# H&M Recommender

In this competition, we must develop product recommendations based on data from previous transactions, as well as from customer and product meta data. Following, we will import necessay libraries and read the data to see what can we do with it.

In [None]:
import pandas as pd

In [None]:
# Path depends on where data is
data_path = '../input/h-and-m-personalized-fashion-recommendations/'

### Importing and Reading Data

- Transaction Data

In [None]:
df_trans = pd.read_csv(data_path+"transactions_train.csv")
df_trans.head()

This will be our main training data. We can play around with dates and articles to see which articles are trending at the moment

- Articles metadata

In [None]:
df_articles = pd.read_csv(data_path+"articles.csv")
df_articles.head()

In [None]:
df_articles["index_group_name"].value_counts()

We can see some features might be usefull like index_group_name for detecting if the article is meant for women or men or baby, etc.
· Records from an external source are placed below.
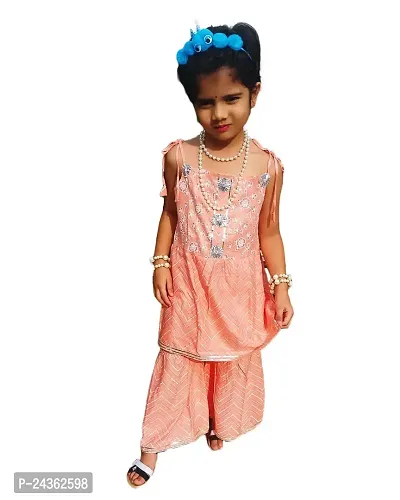 AC FASHION Girl Turquoise Rayon Printed Kurta Sharara Set(Gifted Your Princess Birthday,Festivals,Party and Suitable All Occasion)-thumb3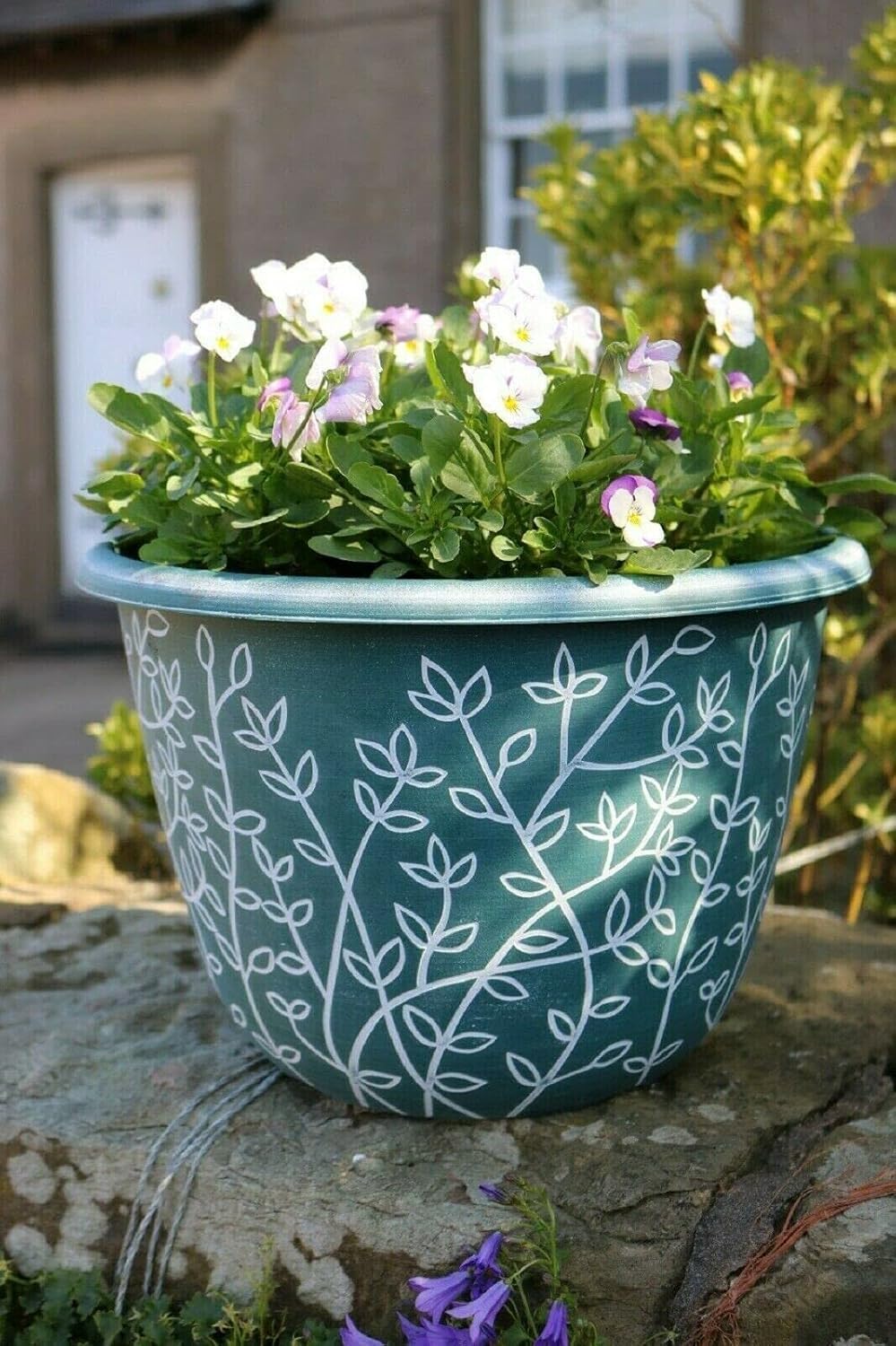 SG Traders Premium Plastic Plant Pots | UV & Weather-Resistant Plant Pots Outdoor | Elegant Design, Lightweight, Durable & Eco-Friendly | (Green/White, Pack of 2)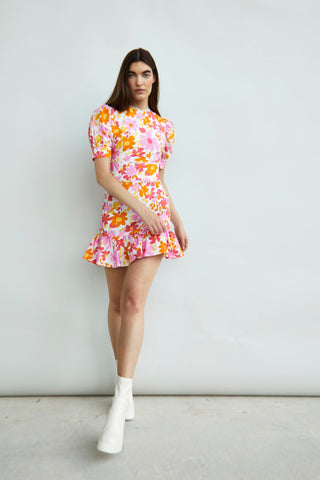 Glamorous Collection Puff Sleeve Peplum Mini Dress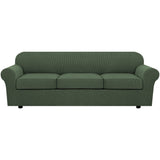 PrimeBeau Thicker Jacquard Fabric 3 Pieces Loveseat & Oversize Loveseat Covers for 2 Cushion Sofa Couch Slipcovers (Base Cover Plus 2 Seat Cushion Covers)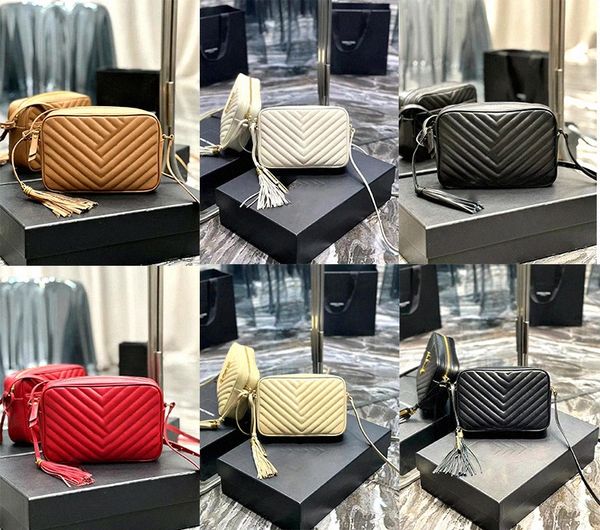 Tasarımcı Lou Vintage Tassel Torbalar Kamera Çantası Kadın Çapraz Bags Lüks El Çantası Omuz Deri Kuzu Deri Kadın Omuz Sacoche Messenger Cüzdan Satchel Lady Totes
This could help for recommending articles with same index_group_name to customers who already bought something in that group (sort of detecting its sex)

- Customer Data

In [None]:
df_customers = pd.read_csv(data_path+"customers.csv")
df_customers.head()

Don't see anything that might be usefull to increase performance

## 1. Setup training data

We will use df_trans as our main training set following these steps:
- Format t_dat column as datetime to be able to sort and filter by date
- keep only important columns

In [None]:
df_trans["t_dat"] = pd.to_datetime(df_trans["t_dat"])
df_trans = df_trans[['t_dat','customer_id','article_id']]
df_trans.head()

Now, we will add index_group_name feature from df_articles to our training set

In [None]:
product_merge = df_trans.merge(df_articles,on=['article_id'],how='left')
product_merge = product_merge[['t_dat','customer_id','article_id','index_group_name']]
product_merge.head()

### Find customers SEX!

Finding customer sex will be difficult but with the table we have above, we can see the transaction quantity by index_group_name

In [None]:
product_merge["index_group_name"].value_counts()

In [None]:
print("Ladieswear Transactions: {:.0%}".format(product_merge["index_group_name"].value_counts()[0]/product_merge["index_group_name"].value_counts().sum()))
print("Divided Transactions: {:.0%}".format(product_merge["index_group_name"].value_counts()[1]/product_merge["index_group_name"].value_counts().sum()))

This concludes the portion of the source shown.